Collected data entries
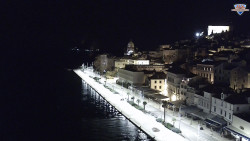 Nábřeží a město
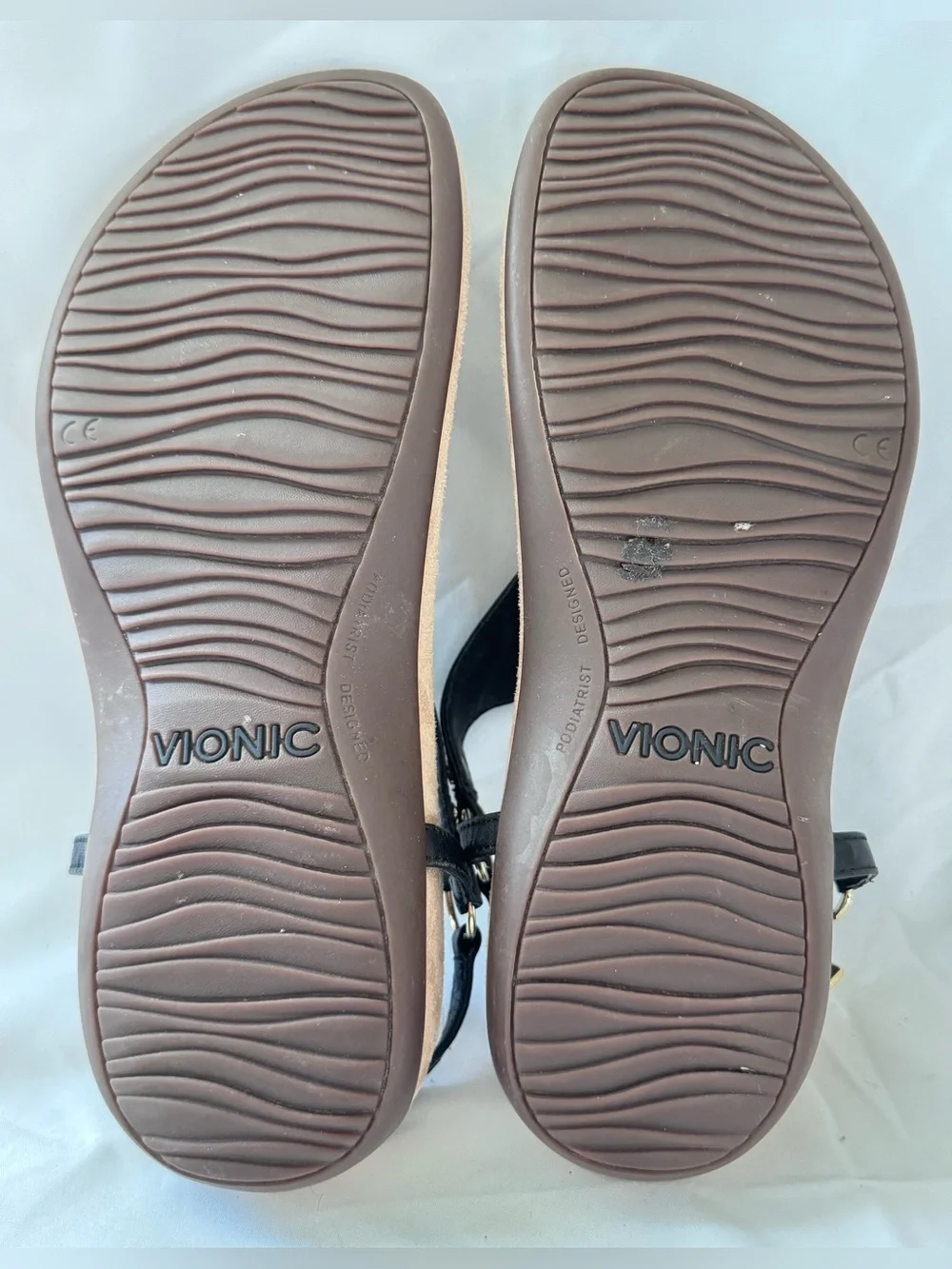 Vionic Rest Kirra Sandal Sz 7 Women T Strap Orthotic Leather Black TVW5126 Thong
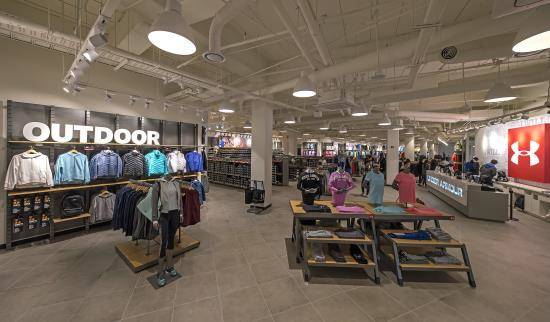 스포츠 브랜드 '언더아머'는 시흥 프리미엄 아울렛에 전국 최대 규모의 매장을 오픈한다. ⓒ 신세계사이먼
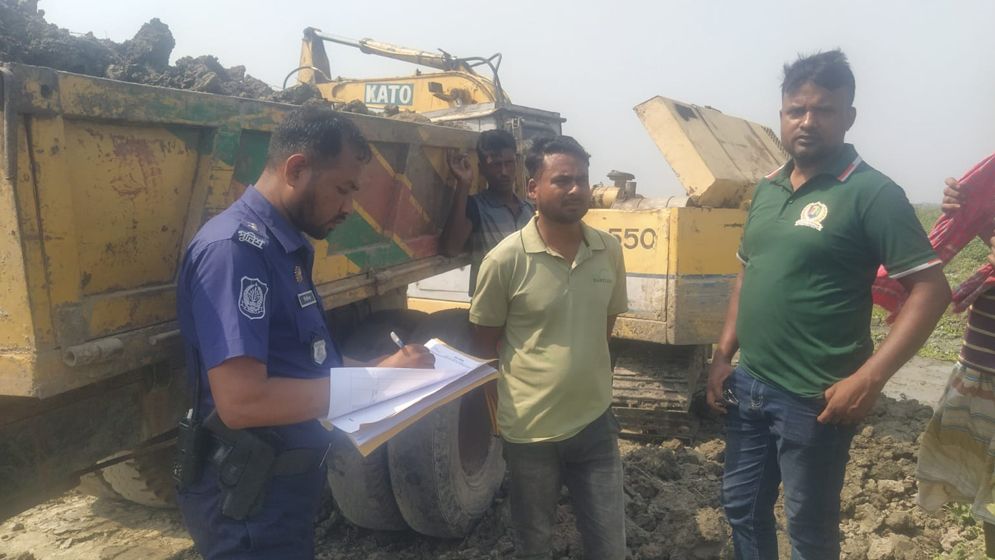 অবৈধভাবে ফসলি জমির মাটি কাটার অভিযোগে আটক ৩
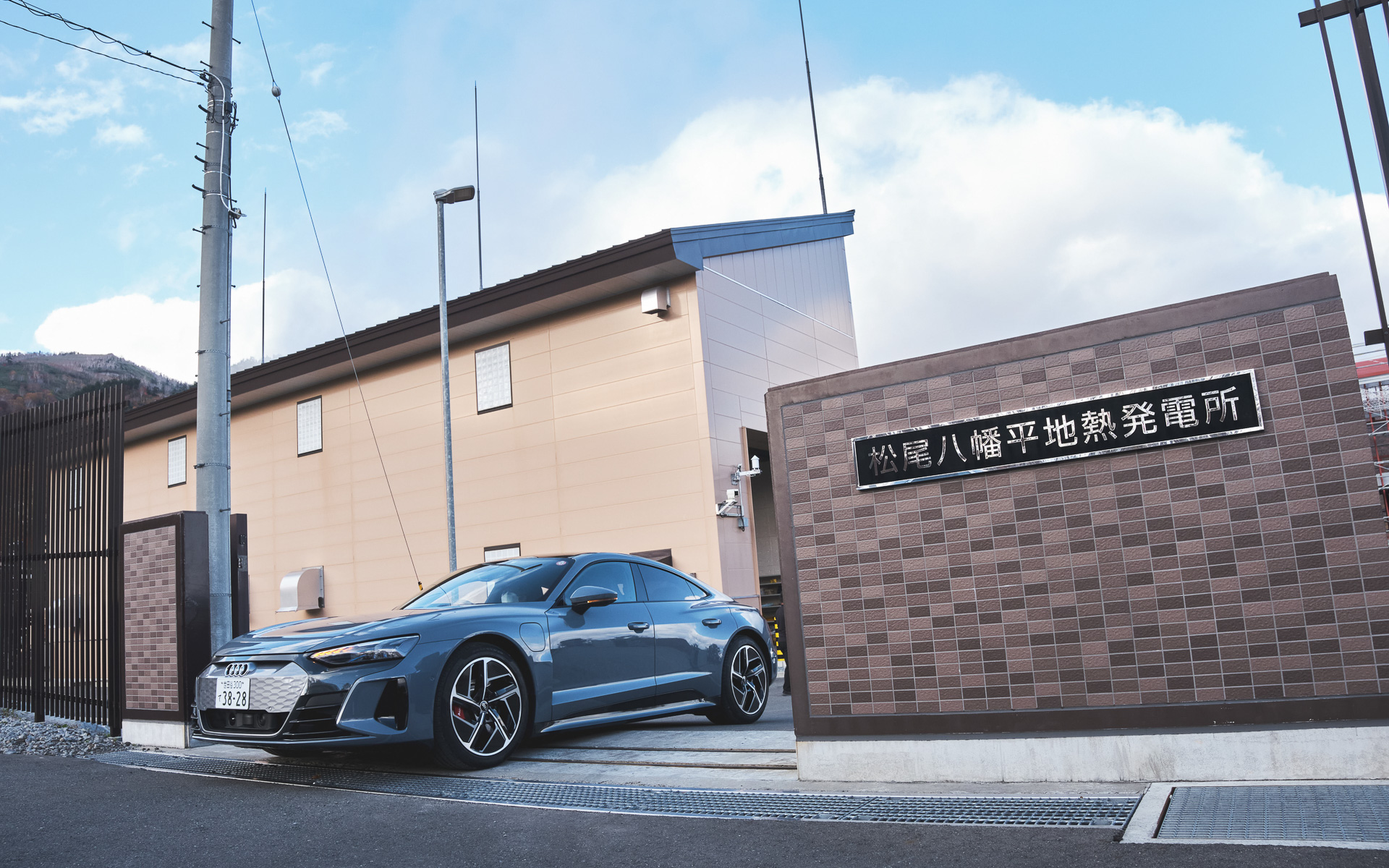 「松尾八幡平地熱発電所」を見学。同発電所の出力は7499kWで、八幡平市のすべての家庭（1万1000世帯）を賄うことができるという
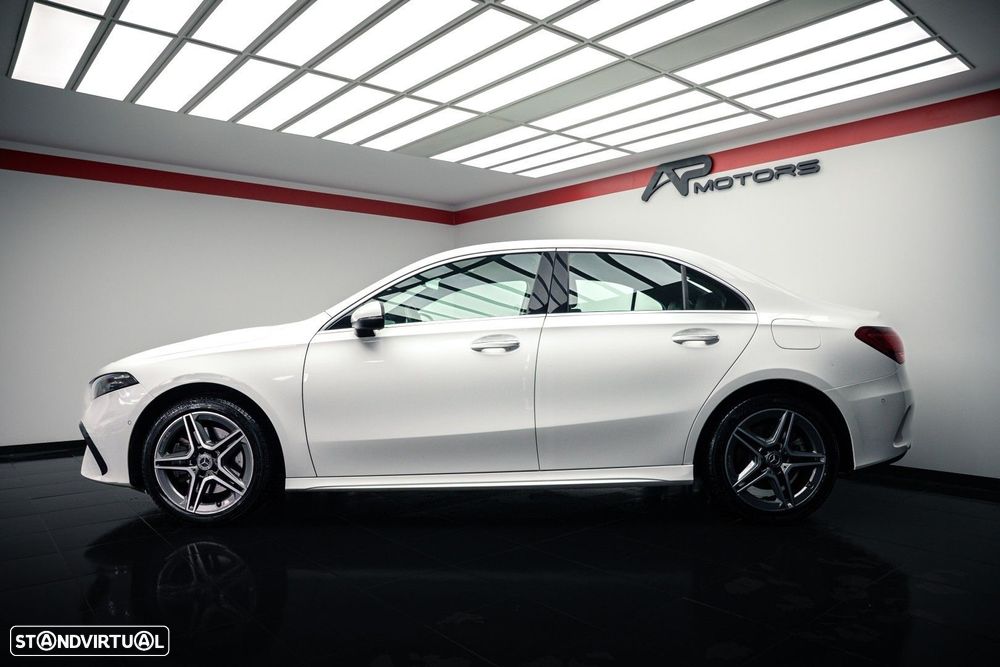 Mercedes-Benz A 250 Limousine e AMG Line - 2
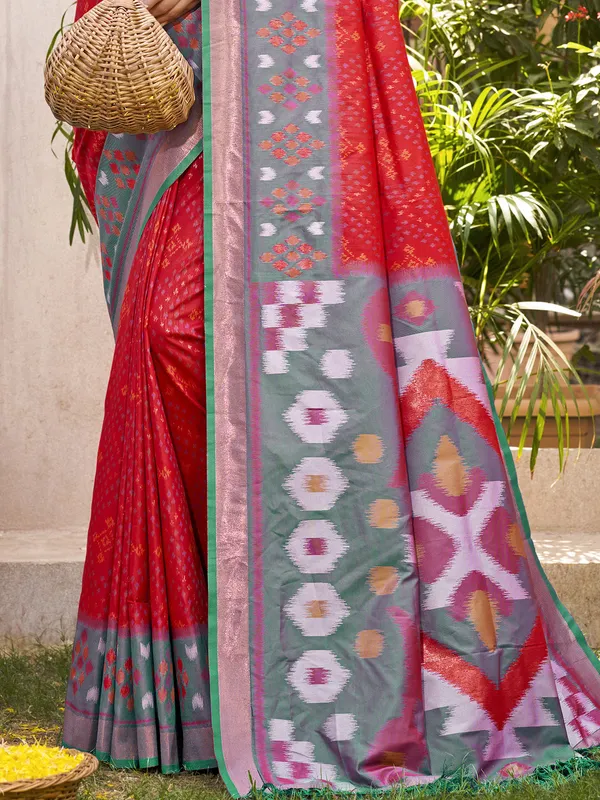 Red_Grey_Pochampalli_Soft_Silk_Ikat_Woven_Saree_For_Women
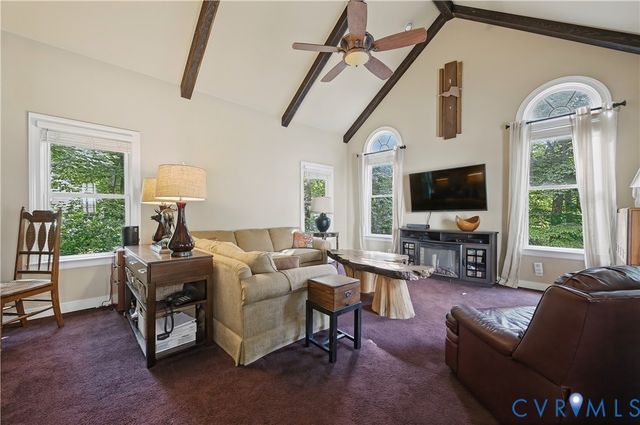 411 Hickory Dr, Manakin Sabot, VA 23103
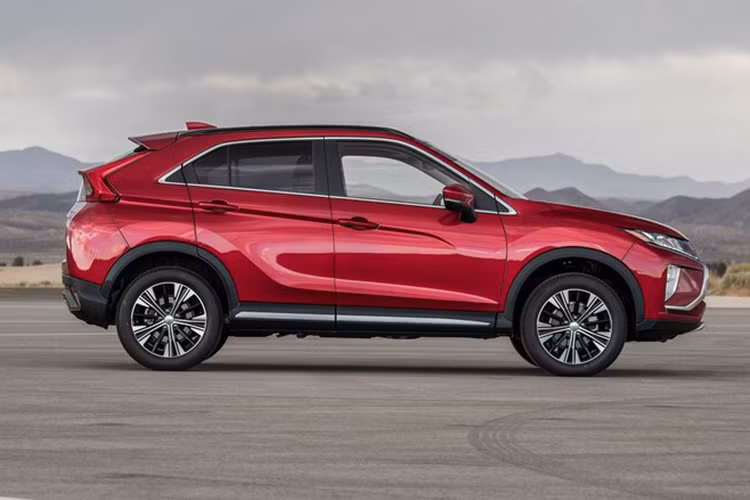 Eclipse Cross thế hệ mới sở hữu thiết kế trẻ trung theo ngôn ngữ Dynamic Shield đặc trưng của Mitsubishi, hướng đến nhóm khách hàng trẻ tuổi, năng động. Kiểu dáng lai coupecủa xe mang nhiều nét tương đồng với mẫu xe đang bán chạy hiện nay là C-HR của “đồng hương” Toyota.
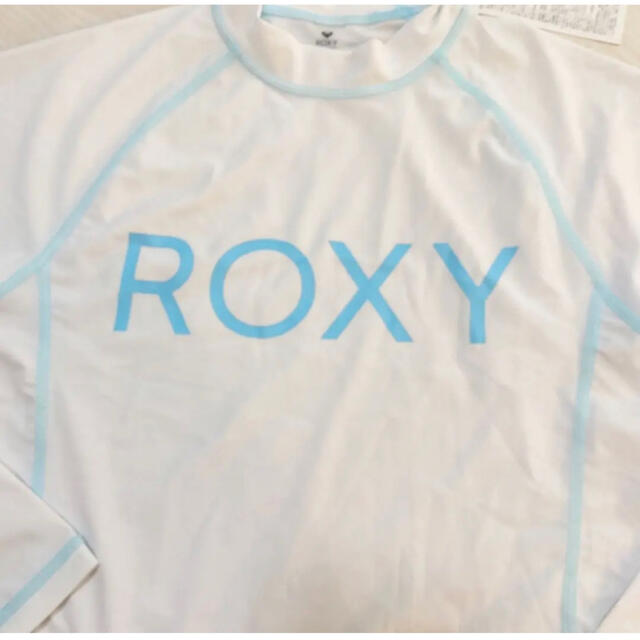 Roxy(ロキシー)の夏の日焼け対策！ロキシー♡新品♡ROXYラッシュガード レディースの水着/浴衣(水着)の商品写真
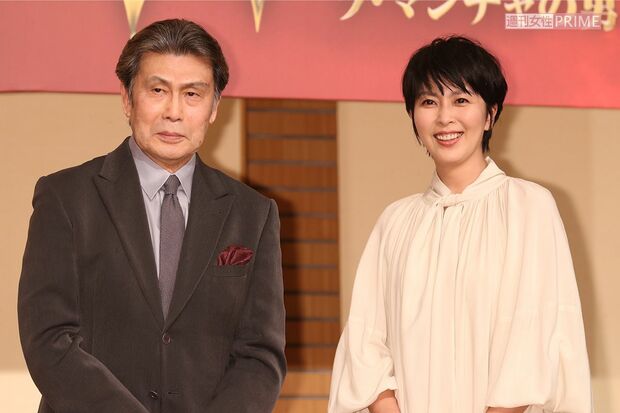 2021年12月、『ラ・マンチャの男』制作発表会見に出席した松本白鸚と松たか子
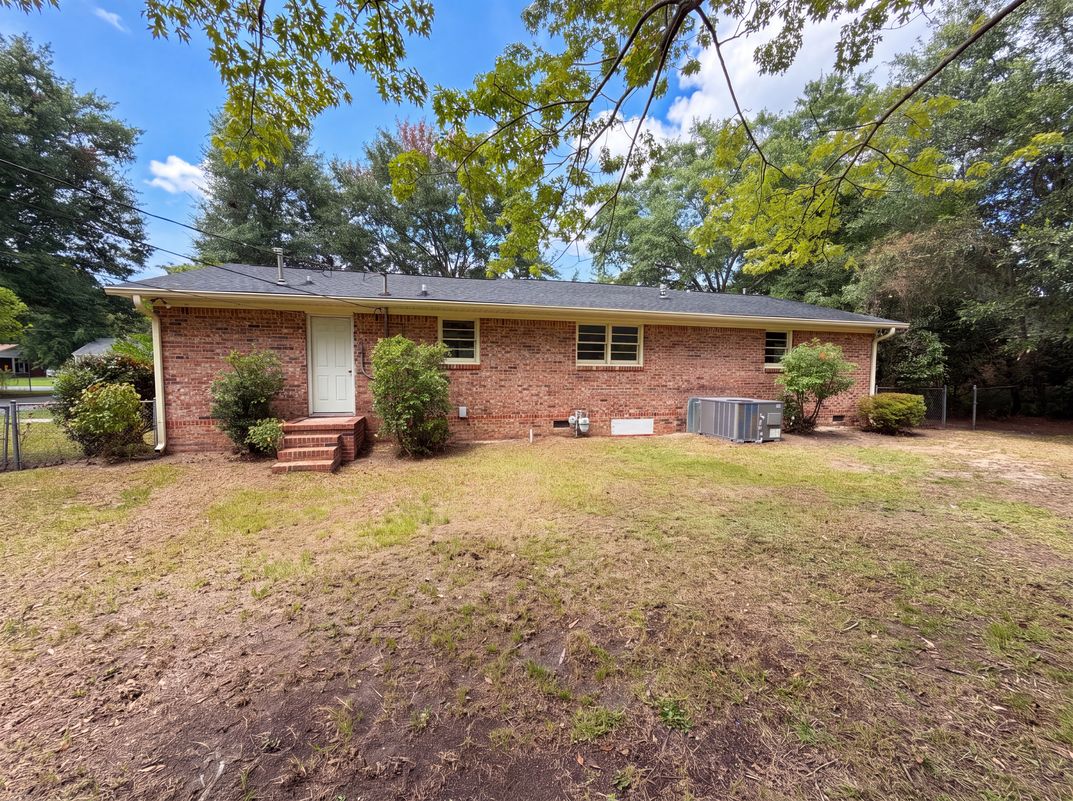 Photo 5 of 16 of 406 Lafayette Way, Camden, SC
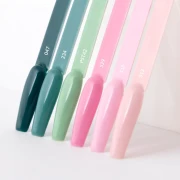 Paleta-kolorow-lakierow-hybrydowych.-Kolory-zielone-i-rozowe.webp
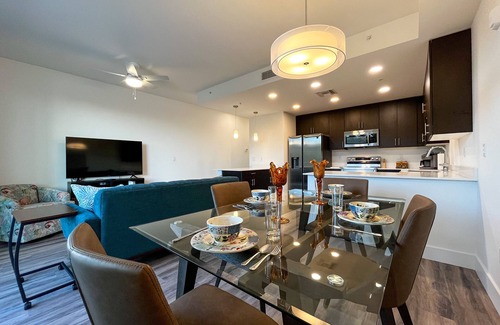 North Trail Condo | Brand new luxury condo downtown with resort style amenities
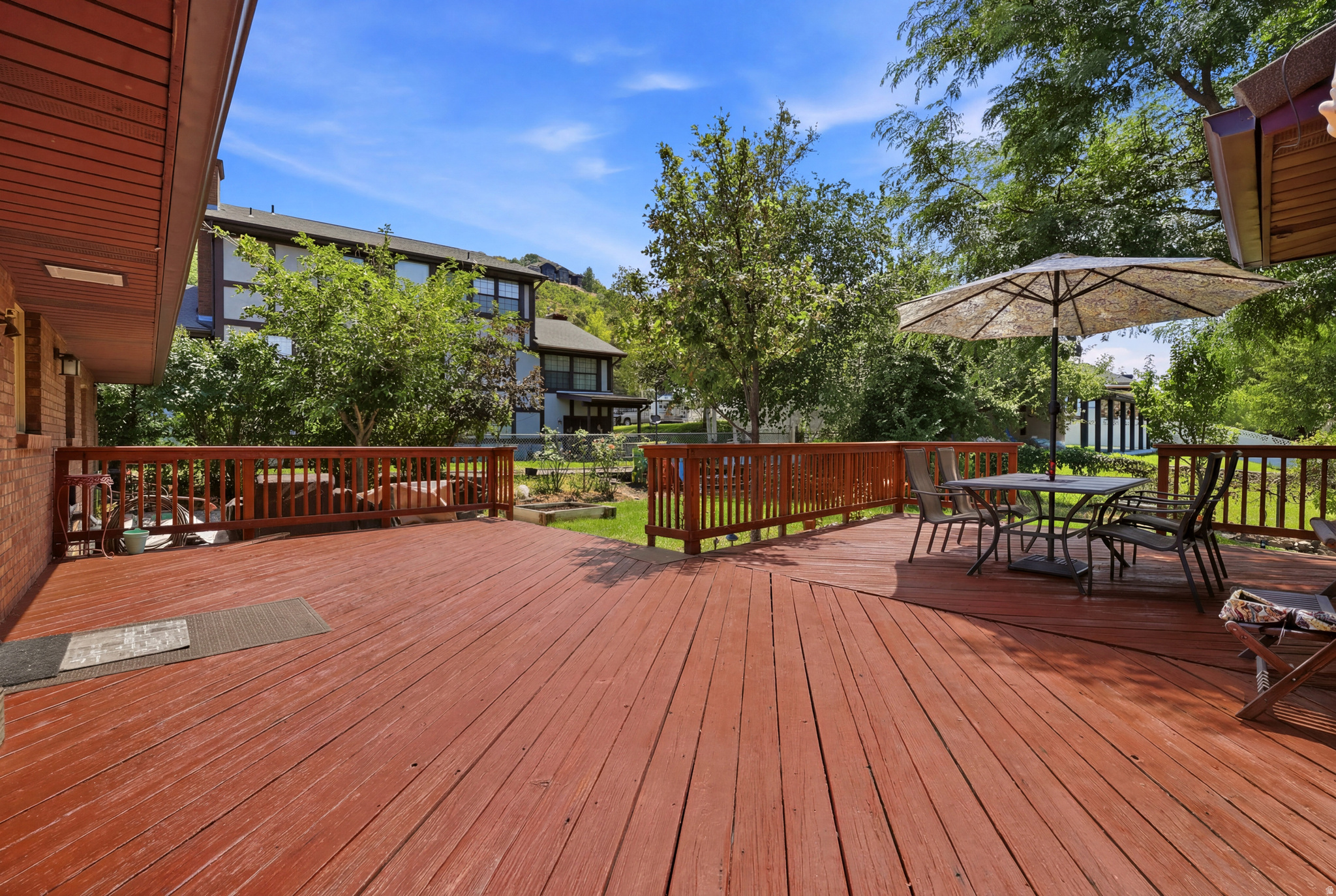 OAKCREST SUB - Residential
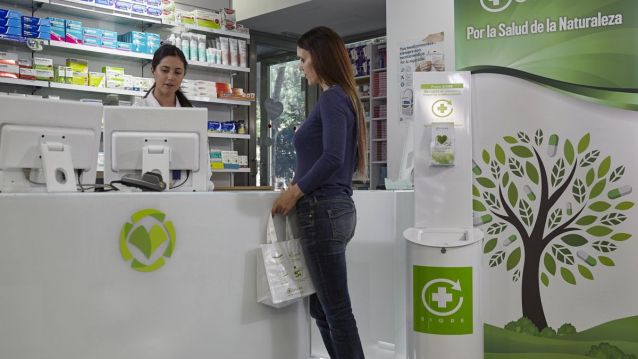 Punto Sigre para reciclar medicamentos en una farmacia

**Prompt**
Print each record exactly as it stands, leaving the images out.

**Your response**
 Nábřeží a město
 Vionic Rest Kirra Sandal Sz 7 Women T Strap Orthotic Leather Black TVW5126 Thong
 스포츠 브랜드 '언더아머'는 시흥 프리미엄 아울렛에 전국 최대 규모의 매장을 오픈한다. ⓒ 신세계사이먼
 অবৈধভাবে ফসলি জমির মাটি কাটার অভিযোগে আটক ৩
 「松尾八幡平地熱発電所」を見学。同発電所の出力は7499kWで、八幡平市のすべての家庭（1万1000世帯）を賄うことができるという
 Mercedes-Benz A 250 Limousine e AMG Line - 2
 Red_Grey_Pochampalli_Soft_Silk_Ikat_Woven_Saree_For_Women
 411 Hickory Dr, Manakin Sabot, VA 23103
 Eclipse Cross thế hệ mới sở hữu thiết kế trẻ trung theo ngôn ngữ Dynamic Shield đặc trưng của Mitsubishi, hướng đến nhóm khách hàng trẻ tuổi, năng động. Kiểu dáng lai coupecủa xe mang nhiều nét tương đồng với mẫu xe đang bán chạy hiện nay là C-HR của “đồng hương” Toyota.
 Roxy(ロキシー)の夏の日焼け対策！ロキシー♡新品♡ROXYラッシュガード レディースの水着/浴衣(水着)の商品写真
 2021年12月、『ラ・マンチャの男』制作発表会見に出席した松本白鸚と松たか子
 Photo 5 of 16 of 406 Lafayette Way, Camden, SC
 Paleta-kolorow-lakierow-hybrydowych.-Kolory-zielone-i-rozowe.webp
 North Trail Condo | Brand new luxury condo downtown with resort style amenities
 OAKCREST SUB - Residential
 Punto Sigre para reciclar medicamentos en una farmacia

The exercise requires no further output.